Flat spots and weird power peaks ARE WELL KNOWN AND DOCUMENTED - Nissan literally built failsafes into their ECU's so that if excess airflow
was detected the car would be put into a safe mode and will generally run richin an effort to protect the engine. In performance terms this means that
ANY modification installed on them needs to be tuned for to be optimized otherwise (as mentioned) flat spots and weird power curves will be encountered.
The older ECU's are somewhat more reliable BUT again, tuning your vehicle is literally the best performance mod you can do to the thing.
I'd tell you the story about my tuned gt-t vs my buddy's untuned A80 rz but it was over too quick to really be anything important - i had to wait at many
sets of lights for him to catch up.

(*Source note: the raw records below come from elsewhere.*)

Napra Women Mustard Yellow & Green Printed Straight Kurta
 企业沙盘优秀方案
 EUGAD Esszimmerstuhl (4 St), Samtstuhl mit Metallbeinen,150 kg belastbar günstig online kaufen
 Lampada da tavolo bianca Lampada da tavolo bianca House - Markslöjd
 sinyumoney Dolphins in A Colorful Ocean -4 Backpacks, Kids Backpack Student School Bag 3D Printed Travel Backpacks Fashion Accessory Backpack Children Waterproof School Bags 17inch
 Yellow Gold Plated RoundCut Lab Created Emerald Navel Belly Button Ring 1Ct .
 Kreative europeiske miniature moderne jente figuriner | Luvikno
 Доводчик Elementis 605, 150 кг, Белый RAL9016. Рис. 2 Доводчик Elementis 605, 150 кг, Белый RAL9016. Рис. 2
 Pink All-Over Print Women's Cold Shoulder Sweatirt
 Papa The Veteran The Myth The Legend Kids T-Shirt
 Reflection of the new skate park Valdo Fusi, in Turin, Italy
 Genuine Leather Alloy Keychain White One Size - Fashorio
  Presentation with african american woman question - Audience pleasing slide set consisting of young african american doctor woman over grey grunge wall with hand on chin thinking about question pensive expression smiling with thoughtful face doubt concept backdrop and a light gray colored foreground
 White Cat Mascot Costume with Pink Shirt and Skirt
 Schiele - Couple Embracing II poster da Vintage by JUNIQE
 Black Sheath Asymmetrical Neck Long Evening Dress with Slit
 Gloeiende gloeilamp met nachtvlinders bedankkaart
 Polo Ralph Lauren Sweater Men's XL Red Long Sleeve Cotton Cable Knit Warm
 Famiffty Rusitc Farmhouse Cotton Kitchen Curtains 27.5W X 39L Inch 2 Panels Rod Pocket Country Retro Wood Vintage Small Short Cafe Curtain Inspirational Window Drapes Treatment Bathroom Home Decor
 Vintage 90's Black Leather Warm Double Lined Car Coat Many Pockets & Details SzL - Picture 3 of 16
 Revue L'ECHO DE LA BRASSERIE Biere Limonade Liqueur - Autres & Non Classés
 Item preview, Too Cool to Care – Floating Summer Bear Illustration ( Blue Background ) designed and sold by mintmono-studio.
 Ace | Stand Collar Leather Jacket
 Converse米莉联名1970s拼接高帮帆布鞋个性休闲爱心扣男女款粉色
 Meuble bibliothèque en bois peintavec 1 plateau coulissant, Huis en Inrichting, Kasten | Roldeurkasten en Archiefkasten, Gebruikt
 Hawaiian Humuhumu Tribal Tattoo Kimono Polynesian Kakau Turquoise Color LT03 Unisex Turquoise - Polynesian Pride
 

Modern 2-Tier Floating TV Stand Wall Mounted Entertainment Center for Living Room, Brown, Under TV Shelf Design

After going through stock ECU - to Apexi Power FC - to link G4 with MAP sensor with my GT-t and seeing the benefits
i went straight to the G4 with MAP with my GT-r.

YOU DO NOT NEED TO GO SINGLE TURBO for 500whp - if you'd prefer to that's cool but it's not NECESSARY. Hell even HKS 2530 Kai's will do
that and they aren't the biggest twins you can get.
You then contradict yourself by saying you can get that power with gt-ss turbos. Yep I'll agree that they're better than N1's but for the power he's wanting
gt-ss may be a bit small, especially if he gets the "i need more" bug, though they'd certainly spool faster and are better options than the N1, hence i
mentioned the HKS kai range above.

Just FYI I've attached my dyno in case JoshuaHo96 wants to dispute things. :)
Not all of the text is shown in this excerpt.